The article itself has been sitting here, waiting for over a month now because I wanted to create gorgeous visuals for this series. But truth be told, I don’t have neither the time nor the money to make the visuals as good as I want them to be, so I’ve been battling with the age old dilemma of the perfectionist designer: create something beautiful or don’t put up anything at all vs the need to illustrate words. The perfectionist won – the words are what’s important, at least for now, so here goes.
Walking away from a nameless process
I see the way things are usually done these days as nameless. First, the designer(s) create a design, which is sent to a company (that tends to be far away) to be manufactured. There is little to no link between the designers and the ones who make the clothes. They don’t talk, or exchange any sort of knowledge. Then the clothes come back and are sold to the masses. I don’t mean to be rude by this, it’s just how it feels. There is a target audience for each piece or company, but it is anonymous people who fit a certain demographic.
The way I want to do things is really quite different. To start with, I want to work with a local manufacturer. Local is a bit vague right now, it either means European as manufacturing in Denmark would be far too expensive and virtually impossible for a small company with little-to-no money and small production runs, or US-based. I know, the US can’t be considered local by any stretch, but it may very well be by the time things are concrete and have reached the manufacturing stage. In any case, what’s paramount, are the ethics of the people running the company and the working conditions of the people working there.
I also want to know who the clothes are made for. Yes, they will be designed, just like any other designer tends to, with a target audience in mind, rather than specific individuals. But I do however want to go into the manufacturing stage for actual people. I’ll explain how I plan on doing that in more detail over the next point.

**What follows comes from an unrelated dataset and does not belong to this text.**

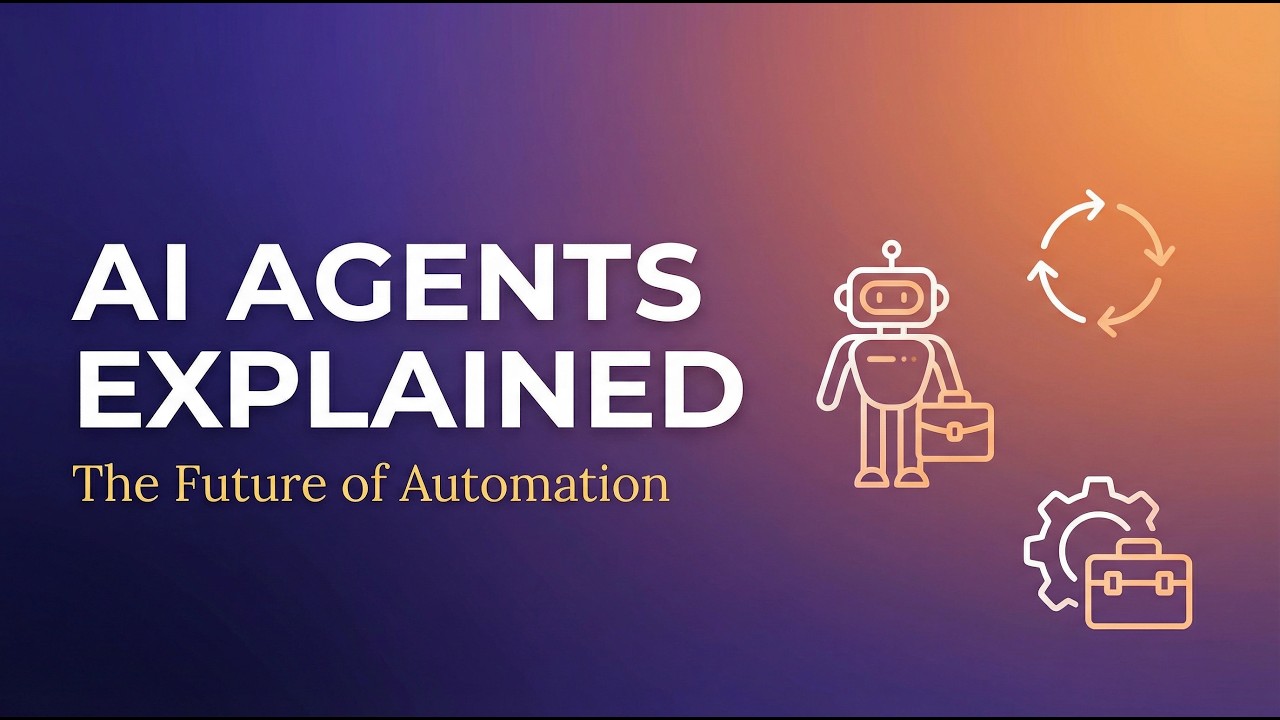 AI Agents Explained: The Future of Automation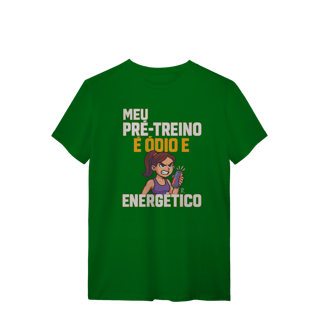 Nome do produto T-Shirt - Meu pré treino é ódio e energético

Getting rid of the wasteful and anonymous pre-production process
On top of its anonymity, one thing I’d like to change, is the guess work that comes from the pre-production process. The vast majority of apparel companies estimate how much they will sell of each piece. We all know this leads to huge stock, and potential waste of money, let alone resources.
What I’d like to do to is to completely turn the way things are done. My plan is for each item to be available as pre-orders. So once the collection comes out, one can pre-order any piece one wants up to a certain date. Then and only then do we send the collection to be manufactured. This means we would only be producing/making the amount of clothes and sizes that will go to customers. Each item is made for a person, and for that person only, making the process a person to person one.
Yes, that means that items are only available for a limited amount of time; once the pre-ordering phase is over, it isn’t possible to order any more, unless there are returns. And customers who ordered come first for size exchanges. Yes, this limits sales and cash flow, but, as little business-minded as it may sound, money isn’t why I want to start Farandine. I want to create an ethical, respectful, human label and clothes that are desirable, period.
That’s it for the first two points, if anything is unclear or you have questions, please don’t hesitate to ask. I want to be as transparent as possible.